# WHAT TO PRODUCE:
Within the listing below, please copy exactly the lines between the line holding "保定寵物洗澡的地方-寵物不肯洗澡怎么辦" and the line holding "Holly Berry Red R:6 Scenic Stamping Ink", inclusive.

# ENTRIES SUPPLIED:
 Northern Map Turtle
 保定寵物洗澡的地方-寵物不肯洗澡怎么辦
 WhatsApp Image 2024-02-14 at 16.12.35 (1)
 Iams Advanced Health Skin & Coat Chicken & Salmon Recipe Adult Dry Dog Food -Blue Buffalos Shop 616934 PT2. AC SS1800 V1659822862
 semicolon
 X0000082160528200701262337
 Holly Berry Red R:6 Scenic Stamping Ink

--

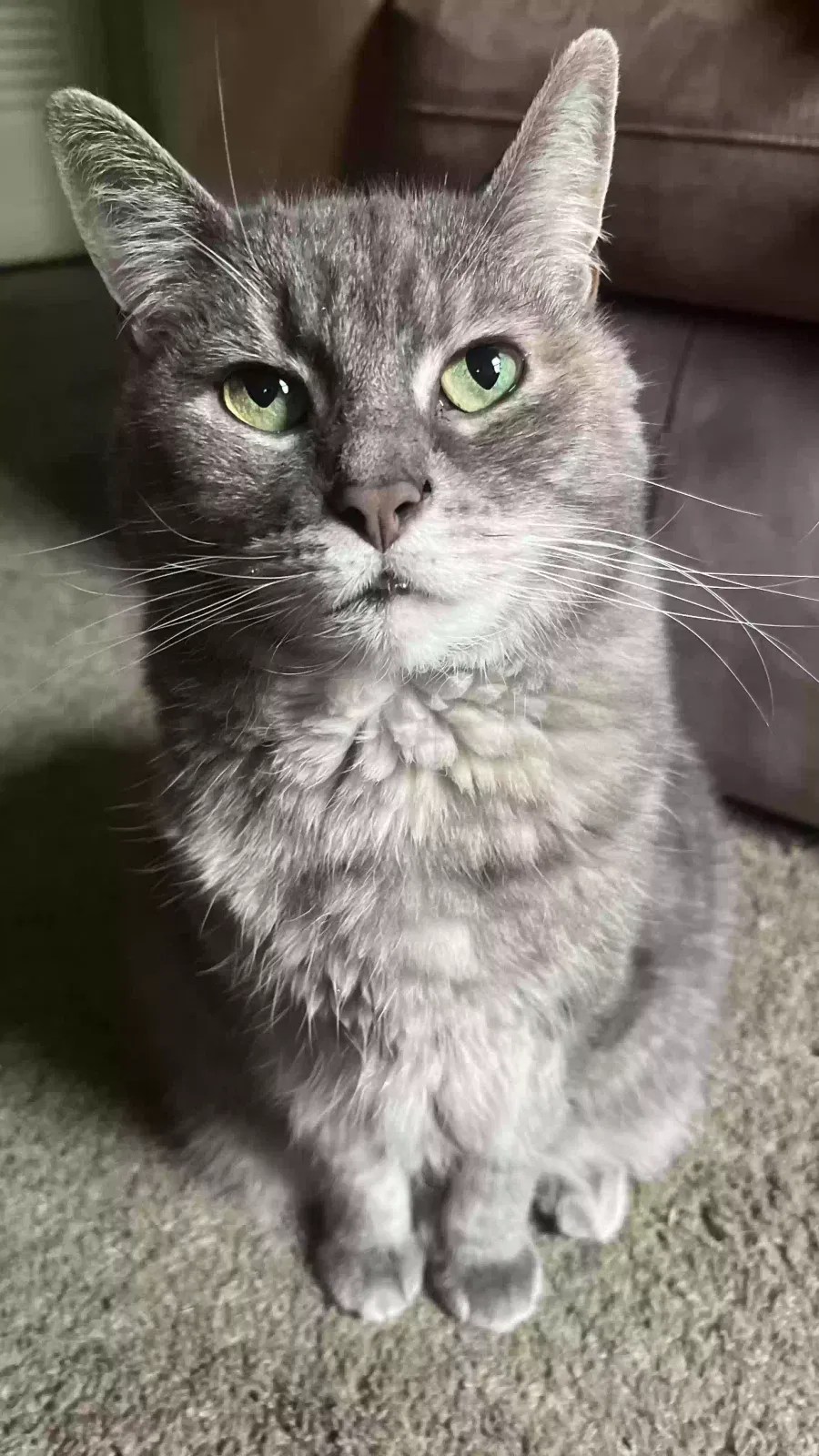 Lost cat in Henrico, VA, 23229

# ANSWER FOR THE TASK:
 保定寵物洗澡的地方-寵物不肯洗澡怎么辦
 WhatsApp Image 2024-02-14 at 16.12.35 (1)
 Iams Advanced Health Skin & Coat Chicken & Salmon Recipe Adult Dry Dog Food -Blue Buffalos Shop 616934 PT2. AC SS1800 V1659822862
 semicolon
 X0000082160528200701262337
 Holly Berry Red R:6 Scenic Stamping Ink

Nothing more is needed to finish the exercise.